D’abord, l’on peut faire le constat qu’il sérine la même rhétorique au peuple burkinabè, sans pour autant la traduire en actes concrets, depuis qu’il est aux affaires. « Le tigre, avait dit Wolé Soyinka à Senghor et à ses amis qui, à ses yeux, ne prônaient la négritude que par les mots, ne proclame pas sa tigritude, mais il bondit sur sa proie et la dévore ». De ce point de vue, l’on peut suggérer au Premier ministre de la transition d’aller au-delà des tirades dont il est désormais coutumier pour poser des actes concrets, parce que le peuple en a besoin. Si, par exemple et relativement à l’affaire Norbert Zongo, il avait acté, à l’occasion de ce 16e anniversaire, la réouverture du dossier Norbert Zongo, cela aurait eu plus d’intérêt pour les Burkinabè. L’autre observation, pour ne pas dire le reproche qu’on pourrait lui adresser, est lié à ce qu’on pourrait appeler le caractère populaire de ses annonces. En effet, l’on peut avoir l’impression que Isaac Zida réserve la primeur des grandes décisions du gouvernement au peuple burkinabè, juste pour entretenir la « zidamania » qui s’est accaparée de celui-ci, depuis la chute de Blaise Compaoré. Cette façon de procéder pourrait créer une sorte de cacophonie au sein de l’exécutif de la transition. Ce constat, bien des Burkinabè et d’observateurs extérieurs de la scène politique du pays des Hommes intègres, l’ont déjà fait.
Cela dit, l’on peut tout de même reconnaître à Isaac Zida, la volonté de rompre hic et nunc avec le système Compaoré.

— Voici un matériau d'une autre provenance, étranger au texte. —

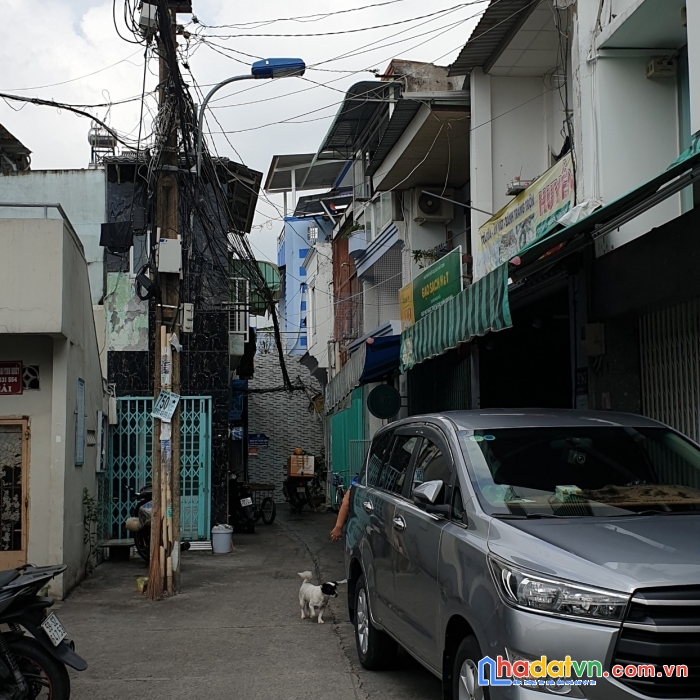 Hxh tôn đản dt 84 m 3 tầng ngang 4 x 7 m quận 4 có 2.52  tỷ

Il peut d’autant plus le faire que le contexte y est favorable, mais encore faut-il qu’il y mette la méthode et la manière et qu’il agisse plus qu’il ne parle. Ce faisant, il pourra dissiper toutes les suspicions qui pèsent sur lui déjà et qui l’accusent à tort ou à raison de s’être accaparé du poste de Premier ministre pour mieux protéger les arrières de Blaise Compaoré. Ces suspicions sont d’autant plus sérieuses que Zida était jusqu’à la chute de Blaise Compaoré, une des pièces maîtresses de l’appareil sécuritaire et répressif du système déchu. Il lui revient donc de travailler à déconstruire par les actes ces préjugés, si véritablement il veut prendre place durablement dans le cœur du peuple burkinabè, au-delà de la période de la transition. Mais cela passe beaucoup plus par le pragmatisme tangible que par la rhétorique lénifiante.